Un tropiezo no se le pasa por la cabeza a Angeriz, que está “convencido de que el problema es que no llega esa victoria que te quita un poco de peso de encima”.


Álex Sánchez centrocampista

“El Victoria significó dejar de jugar únicamente en la calle con mis amigos a hacerlo en un equipo de la ciudad. Significa un cúmulo de experiencias muy positivas y grandes recuerdos que influyeron en mí”, admite Álex Sánchez a pesar de que su paso por el Victoria fue de tres años en las categorías prebenjamín y benjamín. No obstante, el polivalente centrocampista no olvida el club: “Guardo un recuerdo espléndido. A esas edades los entrenadores son una herramienta muy potente en la educación y el futuro de los chicos y yo tuve a dos personas formidables como entrenadores, Iván Barros y Pachi Fernández, que han influido mucho en quien soy hoy. ‘Primero personas y después jugadores de fútbol’ nos repetían siempre. Y qué razón tenían”. Por otro lado, Sánchez no es capaz de elegir solo un momento favorito en el Victoria. “Los mejores recuerdos que tengo son ir a un torneo en Ponferrada o ser campeones de liga a excepción de un año, no por ganar, sino por poder disfrutar de una fiesta en grupo con nuestros padres tras ello. Teníamos un grupo muy bueno. Otro que se me viene a la mente es un ‘motín’ que le hicimos al presi Juan. Quizás nos iban a cambiar a los entrenadores de una temporada a otra y los chicos hicimos todo y más para que no fuese así. Nos salimos con la nuestra. Pobre Juan”, declara Álex entre risas.


Por su parte, Sánchez lo ve como “un partido muy importante, que puede marcarnos un punto de inflexión en la liga”, aunque destaca que deben saber manejar “la ansiedad”.


Miguel Taibo delantero

Miguel Taibo es la ‘cebra’ más reconocible del Atlético Arteixo. Recaló en el Victoria con cinco años, pasó por todas las categorías inferiores hasta jugar una temporada como sénior en Primera Regional y después se marchó al Bergantiños. Años más tarde, en la campaña 2018/19, volvió al Victoria para tratar de alcanzar el ansiado ascenso a Preferente. El delantero defiende los colores del Arteixo pero también sigue sintiendo en blanco y negro: “Es mi casa, mi familia y donde he madurado como persona y jugador. Por y para siempre cebra”. Taibo destaca el hecho de “ganar el Mini Teresa Herrera en Riazor y el ascenso a Nacional Juvenil siendo pichichi de la liga” como dos grandes recuerdos de sus años de formación, mientras que explica el motivo de su paso reciente por el club blanquinegro: “El Laracha no contaba conmigo, es cierto que tenía ofertas, pero intentar ayudar a ascender al Victoria era lo mas motivante en ese momento”. No obstante, Taibo no olvida el palo sufrido al caer ante el Sigüeiro en la última eliminatoria por el ascenso de esa 2018/19: “Fue duro. Todavía hoy sigo con imágenes y pensamientos de lo que pudo haber sido. Las lesiones y el pitido final contra el Sigueiro son sin duda los peores recuerdos en el Victoria”. Sin embargo, esos momentos son la excepción para un Taibo que tiene claro que, además de su paso como futbolista por el Victoria, atesora cada momento como técnico de la cantera blanquinegra: “Es especial poder ser entrenador de la base desde hace años y ver como crecen y maduran los jugadores que llevarán el futuro del club”.
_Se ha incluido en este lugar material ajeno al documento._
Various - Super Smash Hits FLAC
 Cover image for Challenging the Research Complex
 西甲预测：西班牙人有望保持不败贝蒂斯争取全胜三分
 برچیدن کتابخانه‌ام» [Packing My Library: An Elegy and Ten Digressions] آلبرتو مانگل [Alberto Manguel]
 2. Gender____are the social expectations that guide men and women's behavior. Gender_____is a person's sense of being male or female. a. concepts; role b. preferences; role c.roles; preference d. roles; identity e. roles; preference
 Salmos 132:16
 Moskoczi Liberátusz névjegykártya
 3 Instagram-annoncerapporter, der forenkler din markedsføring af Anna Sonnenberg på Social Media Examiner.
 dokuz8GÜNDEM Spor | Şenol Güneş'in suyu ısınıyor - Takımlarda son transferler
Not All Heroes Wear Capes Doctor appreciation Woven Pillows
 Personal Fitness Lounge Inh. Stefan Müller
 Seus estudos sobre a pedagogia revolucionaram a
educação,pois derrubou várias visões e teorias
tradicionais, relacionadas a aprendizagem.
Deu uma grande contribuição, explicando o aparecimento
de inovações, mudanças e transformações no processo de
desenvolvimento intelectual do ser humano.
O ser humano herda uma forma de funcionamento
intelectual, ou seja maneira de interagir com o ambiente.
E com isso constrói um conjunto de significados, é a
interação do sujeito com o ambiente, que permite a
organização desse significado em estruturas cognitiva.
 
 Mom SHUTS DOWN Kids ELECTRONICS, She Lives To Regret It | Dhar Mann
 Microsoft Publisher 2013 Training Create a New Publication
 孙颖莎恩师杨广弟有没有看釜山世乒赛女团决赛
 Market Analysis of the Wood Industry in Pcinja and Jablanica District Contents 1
Por último, Taibo desgrana las posibles claves del encuentro y analiza las virtudes de un rival al que conoce bien: “El ritmo con balón que le demos debe ser altísimo, debemos aprovechar las oportunidades y extremar las vigilancias ofensivas. El trabajo de Diego es único y espectacular. Van todos a una y eso les hace de los rivales más peligroso. Son muy fuertes en las transiciones”. Palabra de una ‘cebra’.